The present study analyzes the performance of the FPV system in reducing evaporation and hybrid power generation upon implementation in the HEPP reservoir. Being the first-ever study to analyze the FPV system in Egypt, the installed capacity of the system is limited to 5 MW to make it feasible for large scale analysis and real-time implementation. FPV projects covering entire reservoir areas in Agost, Spain and Silver Lake, USA results in a reduction in evaporation rate by 75% and 90%, respectively [21,39]. However, it is not advisable to cover the entire reservoir to completely eliminate the evaporation rate [40]. This is because the complete shading of the water surface with an FPV covering system affects the water quality and biodiversity [10,23,40]. As a trade-off, considering the water–energy demand, it is advisable to cover less than 40% of the entire surface of the water body [40]. In the present analysis, an average of 5000 m² is required for installing an FPV system of 5 MW capacity. In such a case, covering 4% of the HD reservoir area of (5250 km²) by an FPV system tends to have an equal capacity as the hydroelectric power plant of 2.1 GW and it is possible to provide intermittent operation.
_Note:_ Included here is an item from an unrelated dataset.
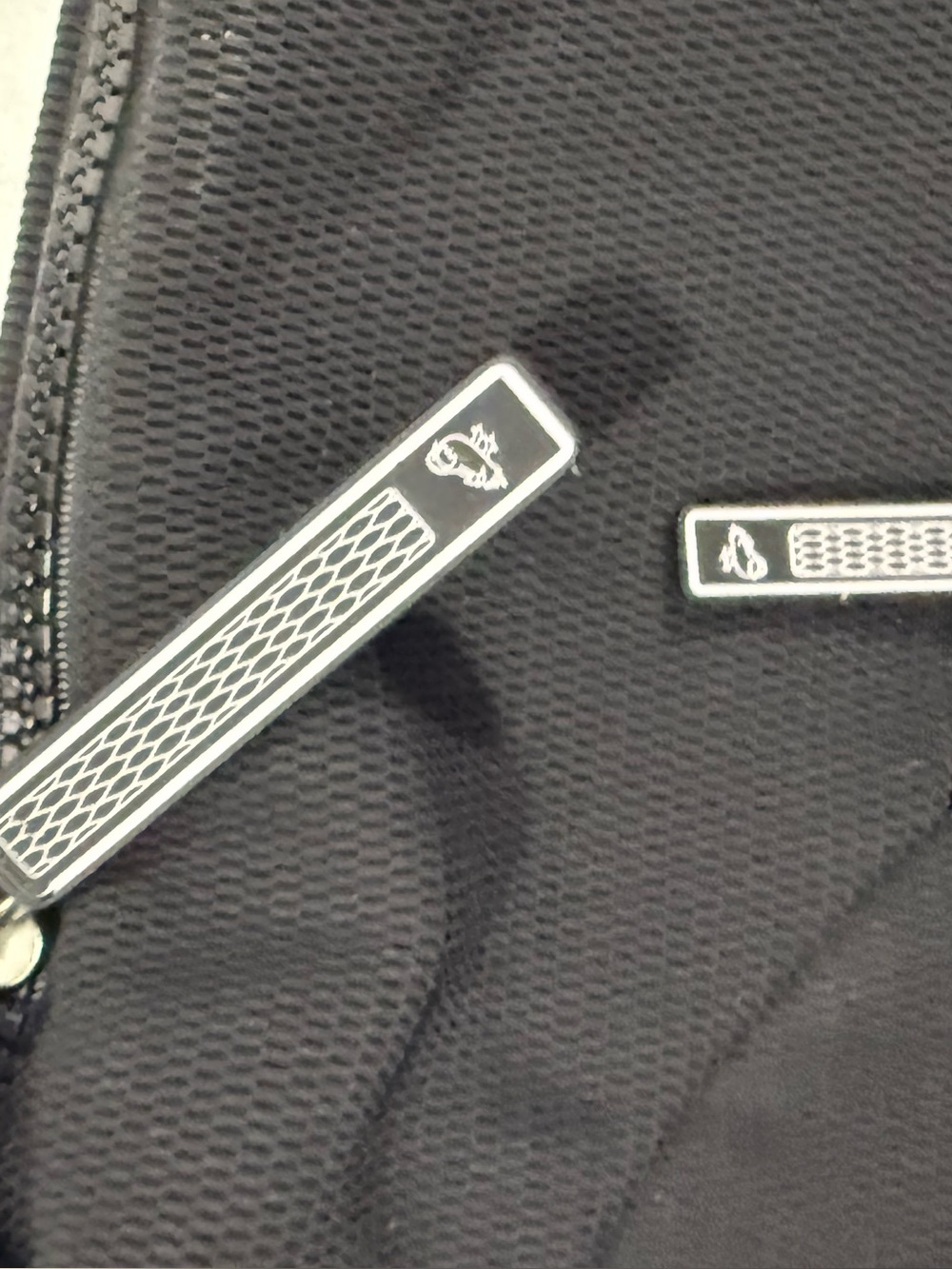 Mandarina Duck Black Nylon Crossbody Tote Travel Bag Adventure - Picture 7 of 16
In the present study, the position of the FPV system is considered based on eliminating near and far shadows and area, which tends not to have the complete dry condition. However, proper mooring analysis on the water depth and soil type is essential to ensure the stability of the system. The FPV structure of the present study is considered as a single large structure and the cost of the mooring and anchoring system is calculated accordingly; however, for operational safety and maintenance, the existing system is divided into small capacities. The system is analyzed only for a single-axis tracking mechanism to obtain a high energy yield. This is because dual-axis tracking on an FPV system is still challenging to implement due to the continuous action of mild waves [10]. Besides focusing the PV panel toward a high irradiation point, the tracking mechanism has to endure the persistent disturbances of the floating from the action of waves. In both sensor-based and astronomically calculated tracking types, inappropriate controller designs fail to find the brightest spot in the sky. This hunting condition of the tracking device extracts more power from the motor. Considering this condition, the single-axis tracking mechanism is cost effective and efficient for the floating PV system [41].
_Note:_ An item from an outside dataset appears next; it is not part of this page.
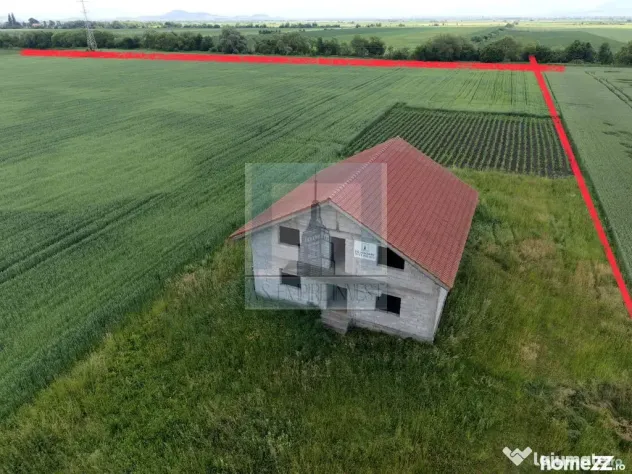 Teren intravilan 50000 mp, cu PUZ, Aprobat - zona Halchiu...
The power generation capacity and environmental benefits such as carbon footprint and evaporation mitigation are analyzed and implemented worldwide. The progress of the present study is to mainly focus on the panel interconnection topologies and multilevel inverter connection. Being in the initial stage of development, research on the FPV system related to standards of the structural components used and their impacts on the water quality on large scale implementation is needed. Besides lakes, reservoirs and hydropower plants, the future of the FPV is on the offshore platform [27,28,42]. Thin film PV modules are the growing technology that is suitable for potential FPV implementation in marine regions. However, the harsh marine environment is still slowing down the offshore FPV implementation and experimental studies [10,28].

9. Conclusions

The paper shows the possibilities of establishing FPV in Egyptian dams in terms of High Dam and Aswan Reservoir. The study shows that installing FPV will lead to an increase in the power generation of the hybrid hydro PV system to an annual increase of up to 11.9 GWh for High Dam and 11.3 GWh for Aswan Reservoir. The hybrid system will lead to water saving by 0.1 MCM for both dams. Three alternatives are presented to select the type of the FPV in terms of mono-crystalline, polycrystalline, and thin film; the results show that polycrystalline is the best solution in Egypt for FPV. The study also proposed two different scenarios to mount FPV in terms of fixed mounting and single-axis tracking and the results show that single-axis tracking achieved a higher energy rate by 4.96%. Using FPV and a hydro hybrid system achieved carbon dioxide reduction by 44,270.61 tons.